王子様の溺愛【完】※番外編更新中
「それなら受け取るよ」


依人は苦笑いを浮かべながらそう応えると、縁は「よしっ」と両手で依人の手を握った。


触れた縁の手に、鼓動が過剰に跳ね上がった。


(中学生かよ……俺)


豊富とまでは行かないが、それなりに経験のある依人は縁に対する己の反応に呆れた。


(俺、佐藤さんに振り回されてるかも。だけど嫌じゃない)


握られたままの手を見つめながら考えていると、突然縁は素っ頓狂な声を上げた。


「……あ、あぁあっ、いきなり手を握ってごめんなさいっ!」


縁は自分のした行動に気付くと、頭を抱えながら狼狽えだした。


(佐藤さん、結構天然……?)


挙動不審な縁が面白くて、我慢出来ず噴き出してしまった。


「先輩!?」

「ごめん……佐藤さんの反応がツボったみたい……」


今縁の顔を見ると、余計に笑えてくる自信があったのでので机に突っ伏して落ち着くのを待ちながら堪える。


「先輩……わ、笑い過ぎですっ!」


顔が見えなくても、声音から狼狽えているのが手に取るように分かってしまい、また笑いが込み上げてくる。
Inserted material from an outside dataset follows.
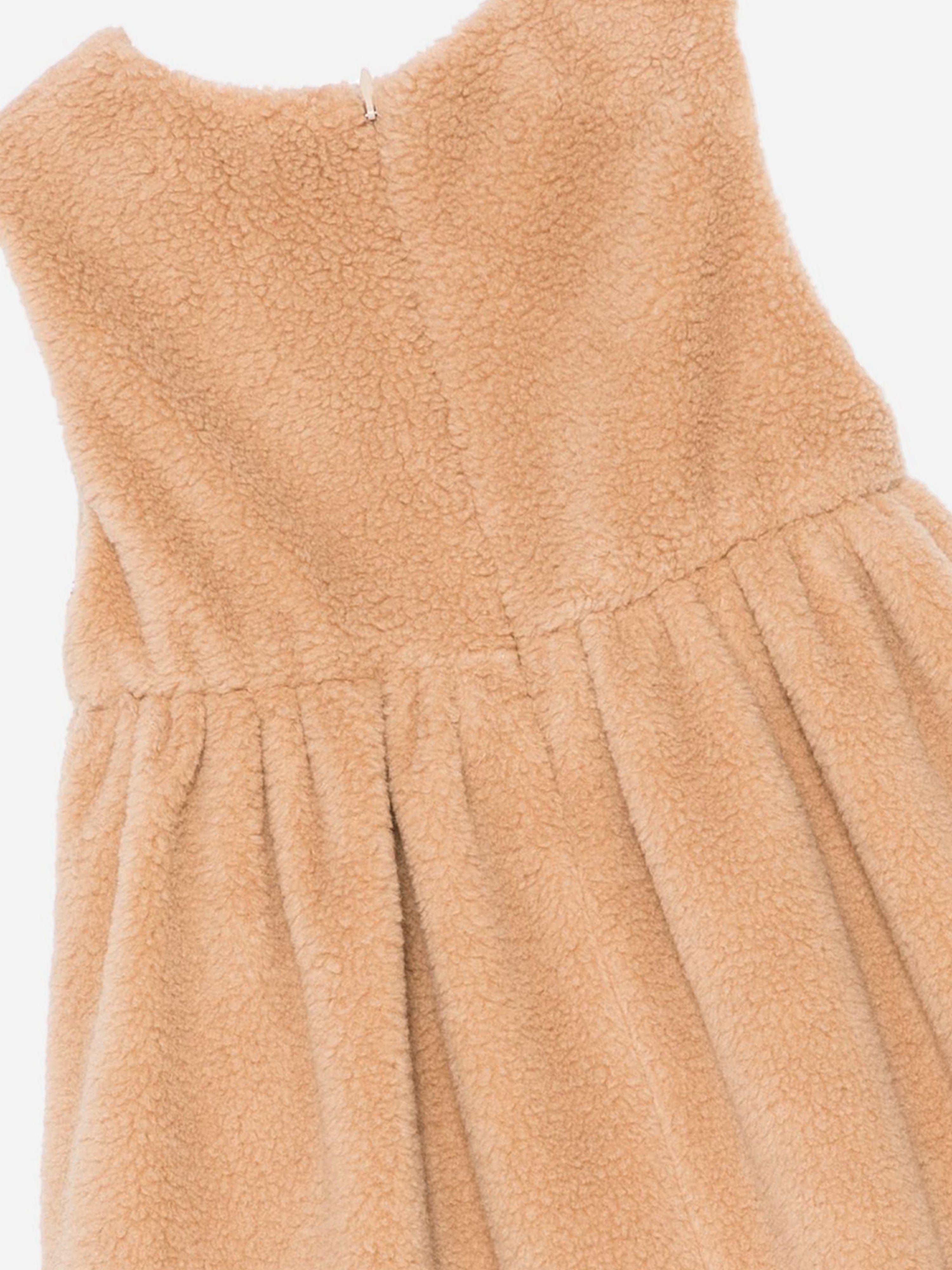 Fendi Baby Girls Teddy Fleece Dress in Beige Free Shipping Get Authentic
ようやく落ち着いてきたので顔を上げて、縁の顔を見ると、少し膨れっ面をさせていた。


「ごめんね」

「……キョドってておかしいって思ってますよね」

「おかしくはないよ。佐藤さんのそういうところ可愛いと思うよ」


決してその場しのぎではない。
大人しくてふわりとお人形さんのように愛らしく微笑む縁が、感情を露わにするところを見て、面白いの他に人間らしくて素敵だと思った。
だから、心に浮かんだことを要約して“可愛い”なんて口にした。


縁は依人に向けた目を見張ったまま硬直した。


「先輩って、誰にでもか、可愛いなんて言えるんですか?」


心外だった。
まさか軽い男だと思っているのだろうか……。
暇潰しだとか、欲求解消でするその場限りの付き合いは、する人間もされる人間も嫌悪を抱くくらいだ。


「まさか。本当は騒がれるのは好きじゃないんだよ」


縁に会うまでは、関わる女子は皆同じように見えた。
己の内面を深く知らないはずなのに、熱に浮かされたように自分を囲む女子の心理が理解出来なかった。


そう思ってしまったのは、何より自分が一切興味を示さなかったからだろうと依人は思う。


しかし、縁だけは違った。
もっと知りたい、色んな顔を傍で見ていたいと願わずにはいられないのだ。